Legal Battle Over Classics Heads to High Court as Estates Challenge ’s Rights
Estates of Noel Redding and Mitch Mitchell seek streaming-era royalties for “Are You Experienced”, “Axis: Bold as Love” and “Electric Ladyland”
A long-running dispute over the rights to some of rock’s most iconic albums has moved to trial after UK courts rejected efforts by Sony Music Entertainment to throw out claims by the estates of former bandmates Noel Redding and Mitch Mitchell.
The case centres on the 1967–68 studio albums “Are You Experienced”, “Axis: Bold as Love” and “Electric Ladyland” — cornerstones of the catalogue of the Jimi Hendrix-led band.
In February 2025, the Court of Appeal dismissed Sony’s attempt to have the lawsuit struck out, ruling there is a “real prospect” the estates’ claims to sound-recording copyrights and performers’ property rights will succeed at trial.

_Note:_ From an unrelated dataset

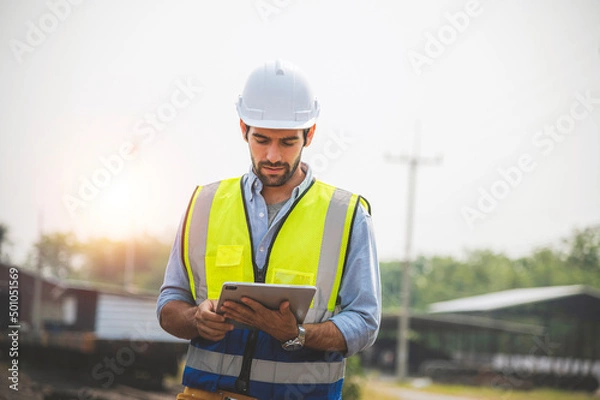 Fototapeta Railway engineer caucasian man are on duty and discussed by using tablet in the job site of train garage.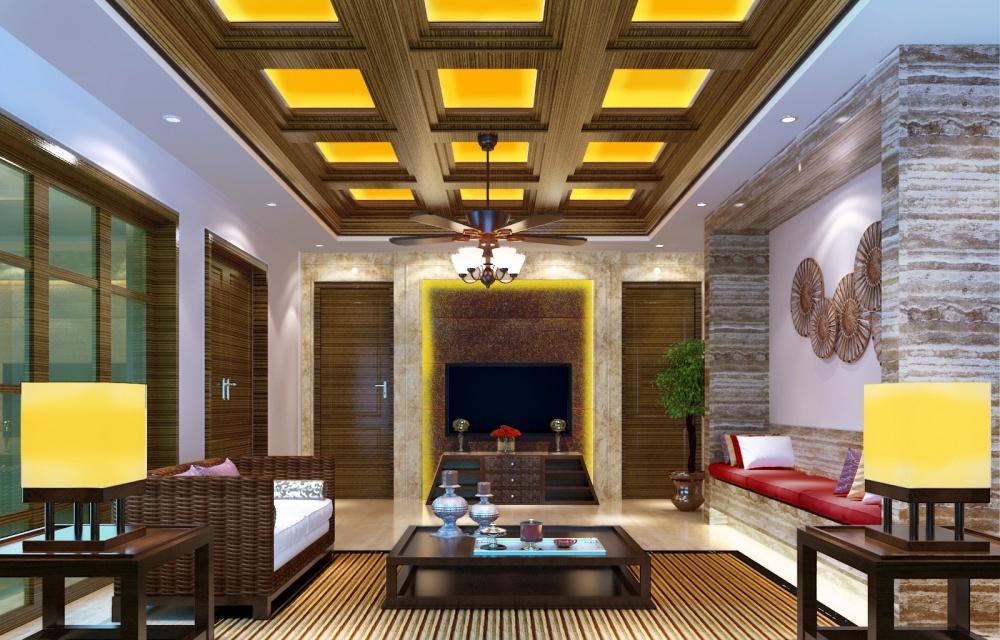 东南亚风情高端客厅设计-2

The judge found that the original contracts signed in the 1960s and 1970s may not automatically cover modern forms of exploitation such as digital streaming.
Lawyers for the estates argue that while Redding and Mitchell accepted modest settlements in the 1970s, they did so before the advent of streaming, and that the contracts did not foresee the global, long-term value now generated by online plays.
They maintain the musicians’ estates are owed a fair share of royalties from billions of streams.
Sony counters that the original agreements granted the company broad and enduring rights “by any method now known or hereafter to be known,” and that the case — if successful — could trigger a flood of similar claims by session musicians worldwide.
The trial, set to begin in December 2025 at London’s High Court, is being closely watched across the music industry.
Many see it as a test case for how legacy contracts signed decades ago hold up in the streaming era — and whether surviving band members or their heirs can reclaim a portion of the rights (and revenues) that global digital platforms now generate.
Impression-heavy albums such as “Hey Joe,” “Purple Haze” and “Foxy Lady” stand at the heart of the dispute, their enduring popularity highlighting the stark contrast between mid-20th-century deals and 21st-century revenue streams.
Beyond the legal question, the case touches on a broader debate over fairness and recognition in music: the extent to which collaborators, not just frontmen, should share in the long-tail benefits of enduring artistic work — especially when record labels and estates continue to profit decades after original releases.
The verdict could reshape rights negotiations and retrospective claims across a generation of classic recordings.